My frustraition with a product that is, in theory, action packed, but faultering in execution continues - this time it is incoming email. A well behaved mail gateway should return a non-delivery receipt if it is unable to deliver email, it's common courtesy. SharePoint, both Windows SharePoint Services and Office SharePoint Service, seems to take exception to this idea. As an IT guy it is the most frustraiting thing to see a module that was slapped together with little regard to proper protocol behaviour. My frustration started when email enabled lists just stopped capturing email randomly. I am not alone in this frustration either, there are clearly others yet not a peep from Microsoft:
The SPTimer service polls the SMTP drop folder on a regular basis to look for incoming messages. When the message is picked up it is read in and the alias appears to be cross referenced against an EmailEnabledLists table. I was tipped off to this by a post on the SharePoint newsgroup. If the logging verbosity is set and the alias is not found it will log an Unknown Alias error to both the event log and the trace logs:
Type: Warning
Date: 2/26/2008
Time: 8:42:30 AM
Event: 6873
Source: Windows SharePoint Services 3
Category: E-Mail
User: N/A
Description:
An error occurred while processing the incoming e-mail file
D:\SMTP\Drop\54f3fb0601c8787d0000024f.eml. The error was: Unknown alias..
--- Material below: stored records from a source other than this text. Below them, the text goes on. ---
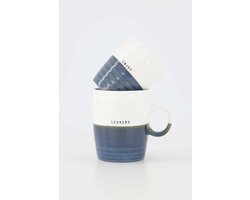 Zusss Set Van Koffiemok En Theemok Donkerblauw - Cadeauset - Verjaardagscadeau - Verjaardag - Kerst - Sinterklaas - Cadeau Wit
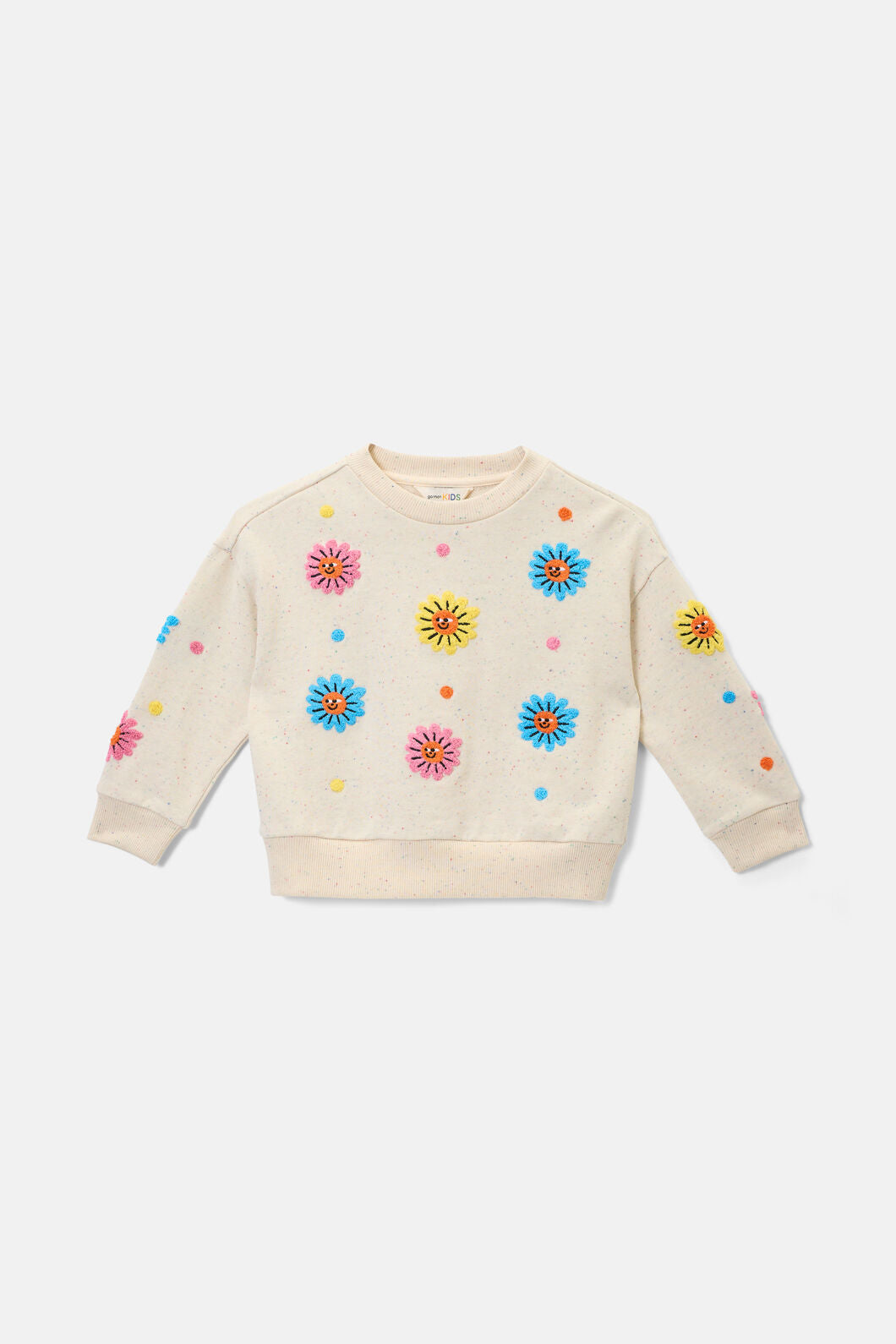 Gorman NZ - Daisy Embroidery Kids Sweater - cream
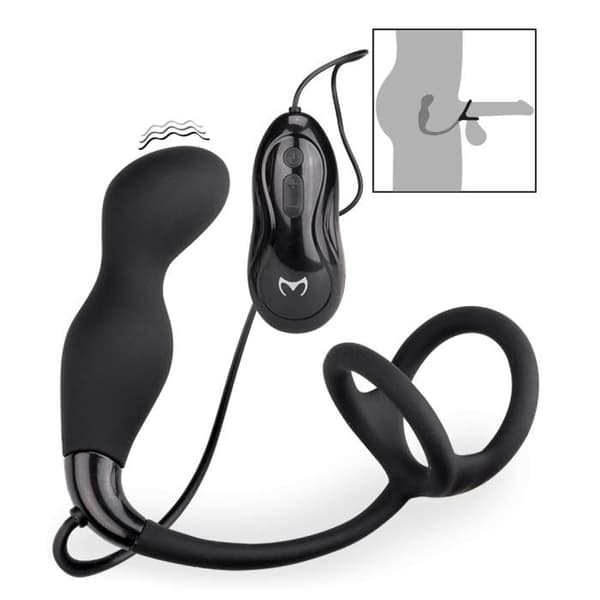 Liten prostatastimulator med dubbel cockring Kom ihåg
Along with the following event:
Type: Information
Date: 2/26/2008
Time: 8:42:30 AM
Event: 6871
Source: Windows SharePoint Services 3
Category: E-Mail
User: N/A
Description:
The Incoming E-Mail service has completed a batch. The elapsed time was 00:00:00.0156256.
The service processed 1 message(s) in total.
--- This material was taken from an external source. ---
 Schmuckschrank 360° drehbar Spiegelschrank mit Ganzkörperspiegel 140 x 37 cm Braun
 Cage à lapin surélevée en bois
Errors occurred processing 1 message(s):
Message ID: <SERVERxiDd9D9DQVXwR100000a19@domain>
The following aliases were unknown:
mylist
After poking around in the database to see if I could find any hints as to why this functionality decided to stop all of a sudden. Running the following query on each content database gave me a dump of the email aliases that each list was configured against:
SELECT tp_EmailAlias as EmailAlias,
SiteId,
tp_WebId AS WebId,
tp_Id as ListId
FROM AllLists
INNER JOIN Webs ON AllLists.tp_WebId = Webs.Id
WHERE tp_EmailAlias IS NOT NULL
Cross referencing the results with the EmailEnabledLists table I was able to find that there were some, no, a lot of missing rows. Something was deleting my email enabled lists. At this point I don't know what, but it smells like a bug. In the mean time I have created a script to re-populate the configuration database table based on the content databases.
SET NOCOUNT ON
IF OBJECT_ID('tempdb..#EmailEnabledLists') IS NOT NULL
BEGIN
DROP TABLE #EmailEnabledLists
END
CREATE TABLE #EmailEnabledLists (
Alias NVARCHAR(128) NOT NULL,
SiteId UNIQUEIDENTIFIER NOT NULL,
WebId UNIQUEIDENTIFIER NOT NULL,
ListId UNIQUEIDENTIFIER NOT NULL)
-- TODO: Insert your SharePoint Content Database Names into the Set
DECLARE DatabaseCursor CURSOR FOR
SELECT [Name]
FROM master.[sys].databases
WHERE [State] = 0 AND -- State = Online
[Name] IN ('SharePoint_ContentDatabase1', 'SharePoint_ContentDatabase2')
ORDER BY [Name]
OPEN DatabaseCursor
DECLARE @DatabaseName VARCHAR(128)
FETCH NEXT FROM DatabaseCursor INTO @DatabaseName
WHILE @@FETCH_STATUS = 0
BEGIN
DECLARE @Command NVARCHAR(4000)
SET @Command =
N'USE [' + @DatabaseName + '];' +
N'INSERT INTO #EmailEnabledLists (Alias, SiteId, WebId, ListId) ' +
N'SELECT ' +
N' tp_EmailAlias as Alias, ' +
N' SiteId, ' +
N' tp_WebId AS WebId, ' +
N' tp_Id as ListId ' +
N'FROM ' +
N' AllLists ' +
N' INNER JOIN ' +
N' Webs ' +
N' ON AllLists.tp_WebId = Webs.Id ' +
N' WHERE tp_EmailAlias IS NOT NULL'
EXEC sp_executesql @Command
FETCH NEXT FROM DatabaseCursor INTO @DatabaseName
END
CLOSE DatabaseCursor
DEALLOCATE DatabaseCursor
-- TODO: Insert your SharePoint Configuration Database Name
USE [SharePoint_Config]
DECLARE AliasCursor CURSOR FOR
SELECT [Alias]
FROM #EmailEnabledLists
ORDER BY [Alias]
OPEN AliasCursor
DECLARE @AliasName NVARCHAR(128)
FETCH NEXT FROM AliasCursor INTO @AliasName
WHILE @@FETCH_STATUS = 0
BEGIN
IF(NOT EXISTS (SELECT Alias FROM dbo.EmailEnabledLists WHERE Alias = @AliasName))
BEGIN
DECLARE @SiteId UNIQUEIDENTIFIER
DECLARE @WebId UNIQUEIDENTIFIER
DECLARE @ListId UNIQUEIDENTIFIER
SELECT @SiteId = SiteId,
@WebId = WebId,
@ListId = ListId
FROM #EmailEnabledLists
PRINT 'Inserting ' + @AliasName
INSERT dbo.EmailEnabledLists
(Alias, SiteId, WebId, ListId, [Deleted])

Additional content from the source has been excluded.